Brig & Bark Webmail

What is this?

WildDuck is an open source email server software and this webpage runs on the default webmail software for WildDuck.

Source for the mail server Source for the Webmail Create demo account

To test it out create a new account here. This would give you an actual working email address. Next you could try turning on two factor authentication or logging into IMAP with an application specific password.

This entire webservice is just a front-end to WildDuck API. The web application does not make any database connections, everything is handled by using REST API calls against the API.

Screenshots

1. OSX Profile demo

The following video demonstrates:

  • Creating a new account and logging in
  • Generating a new Application Specific Password
  • Exporting the password as OSX Mobileconfig file to set up OSX/iOS mail applications
  • Inserting messages to the INBOX of new users

2. PGP encryption demo

The following video demonstrates:

  • Sending and receiving a cleartext message
  • Setting up PGP encryption for cleartext messages
  • Receiving a cleartext message that the server encrypts before storing it to the mail store

3. Sending to the onion network

The following video demonstrates:

  • Composing a normal email message and addressing it to an onion email address
  • Sending the message
  • Receiving the message sent from WildDuck Mail Server to an onion email service

Features

  • Generated email address is a real address and can be used with any mail client.

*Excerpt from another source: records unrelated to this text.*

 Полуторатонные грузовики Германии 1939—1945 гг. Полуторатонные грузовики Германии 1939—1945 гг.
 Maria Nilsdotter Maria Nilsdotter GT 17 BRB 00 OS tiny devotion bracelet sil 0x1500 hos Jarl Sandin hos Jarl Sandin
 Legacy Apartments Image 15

IMAP is handled by WildDuck, MX messages are received by Haraka and outgoing messages are delivered by ZoneMTA.
  • All data is stored in a sharded MongoDB database. If there is not enough space then adding a new shard should fix that
  • Mail daemon processes avoid touching the filesystem (WildDuck and ZoneMTA do not touch file system after startup, Haraka writes and reads messages from a queue and spool folder) and do not execute any shell commands. Daemon processes run as unprivileged users. All compiled node dependencies are optional and can be removed to avoid potential buffer overflows and such.
  • Messages sent through SMTP are automatically copied to the Sent Mail folder. This mostly affects POP3 users as IMAP clients usually upload the message by themselves
  • When sending, non-authorized From: address in the message header is replaced. "From: User Name <otheruser@domain>" becomes "From: User Name <username@example.com>"
  • Dots in usernames and addresses are ignored. user.name@example.com is the same as username@example.com
  • Labels in incoming email addresses are ignored. user+label@example.com is the same as user@example.com
  • Moving messages to and out of the Junk Mail folder raises a junk status change event for that message. This is currently not used though
  • Enabling TOTP based 2FA disables account password for IMAP, POP3 and SMTP
  • Application Specific Password comes with automatically generated mobileconfig file for iOS/OSX mail applications
  • Incoming messages are checked against user defined filters. Matching messages can be marked as seen or flagged. Messages can be moved to specific mailbox folder. Messages tagged as spam are moved to Junk Mail folder.
  • Messages can be forwarded to another email address or uploaded to an URL account wide (all incoming messages are forwarded) or filter based (only messages matching specific filter are forwarded)
  • All authentication related events are logged and shown in the account security page. This behavior will change in the future as mail clients generate a lot of noise (re-authenticating after short period of time). Such logins should be joined somehow into single events.
  • This web service also makes use of the built-in GPG encryption feature of WildDuck where all cleartext messages are encrypted with user's public key before stored to disk. The encryption step is applied after filtering step so you could still filter messages by body text.
  • All new users get default emails generated and injected to INBOX as flagged messages.